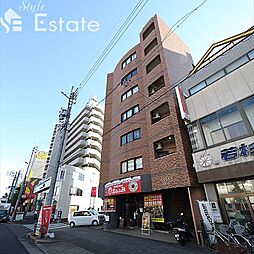 名古屋市営名城線 平安通駅 徒歩1分の賃貸マンション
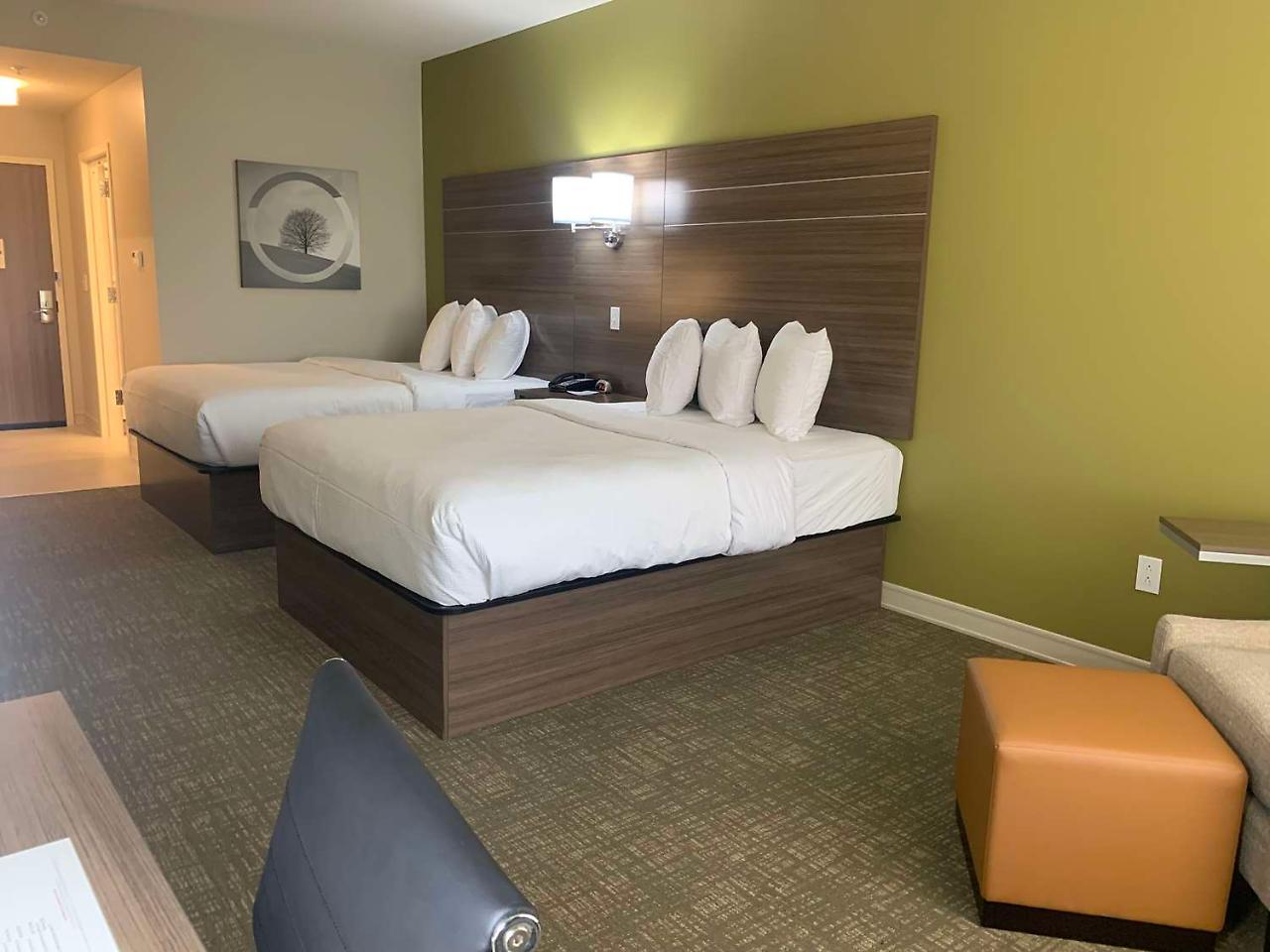 Best Western Plus Horseheads Inn & Suites Kültér fotó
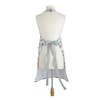 Ulster Weavers Apron-Cotton, Sage, One Size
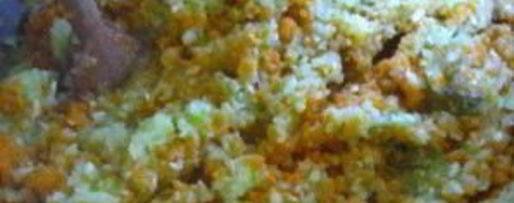 Шаг 1: кабачковой икры на зиму без обжарки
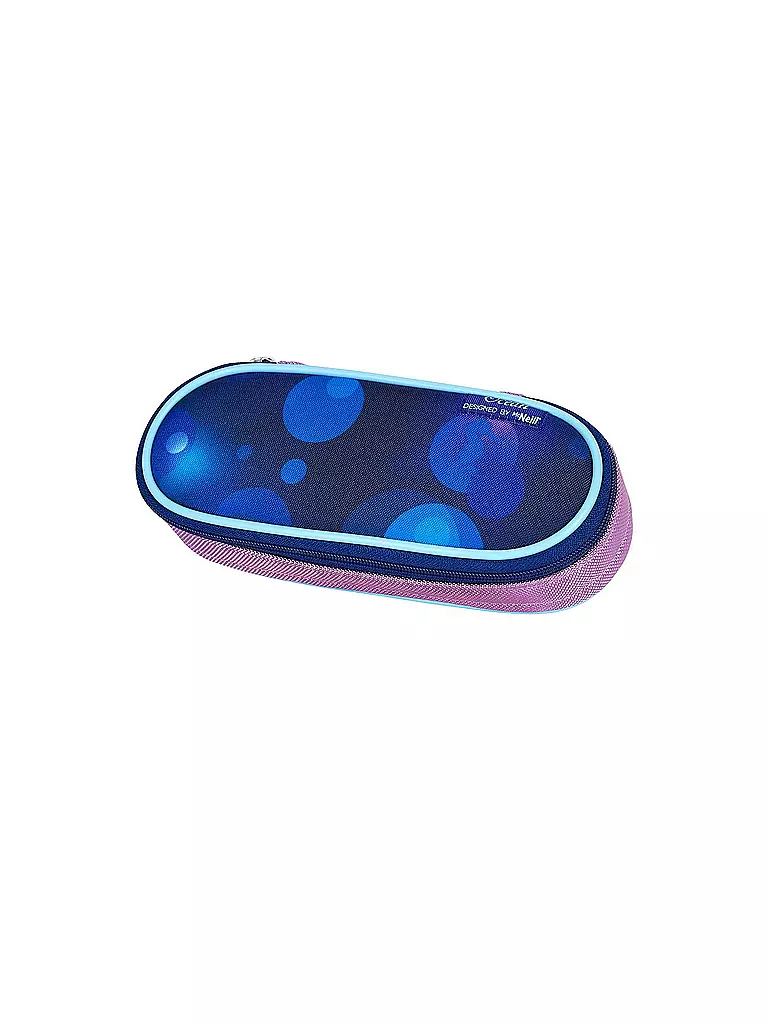MC NEILL | Etuibox - Schlamperbox Ocean | blau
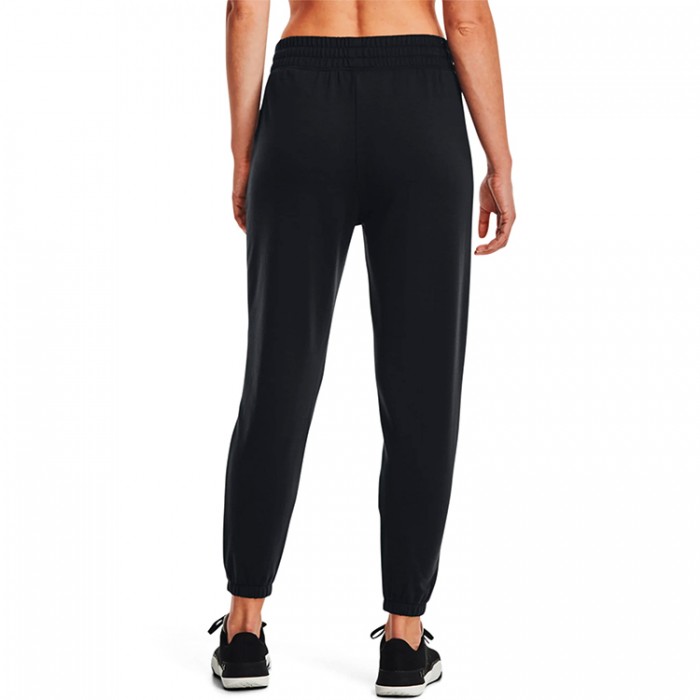 Pantaloni Under Armour UA W RIVAL TERRY JOGGER 1369854-001 - imagine №2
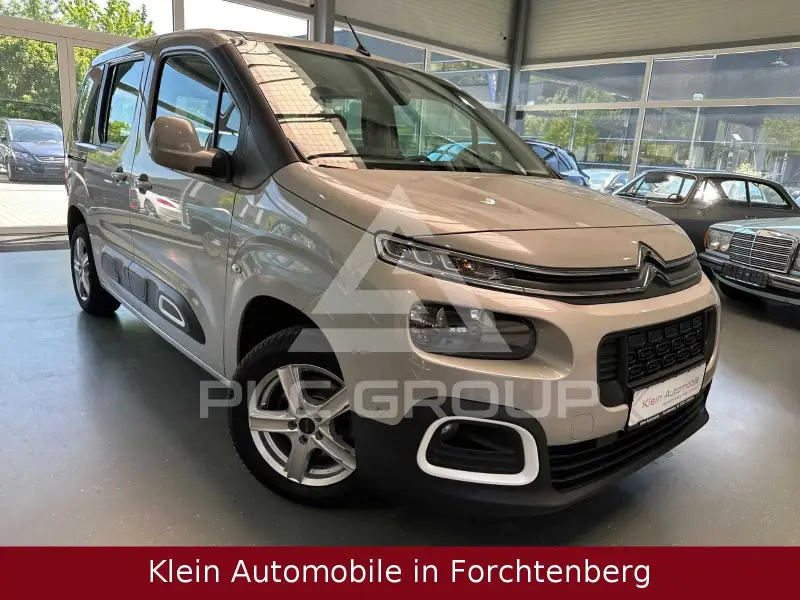 2019 Citroen Berlingo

**Task prompt**. None of the pictures should be copied, but every record above must be restated in full.

**Exercise output**.
 名古屋市営名城線 平安通駅 徒歩1分の賃貸マンション
 Best Western Plus Horseheads Inn & Suites Kültér fotó
 Ulster Weavers Apron-Cotton, Sage, One Size
 Шаг 1: кабачковой икры на зиму без обжарки
MC NEILL | Etuibox - Schlamperbox Ocean | blau
 Pantaloni Under Armour UA W RIVAL TERRY JOGGER 1369854-001 - imagine №2
 2019 Citroen Berlingo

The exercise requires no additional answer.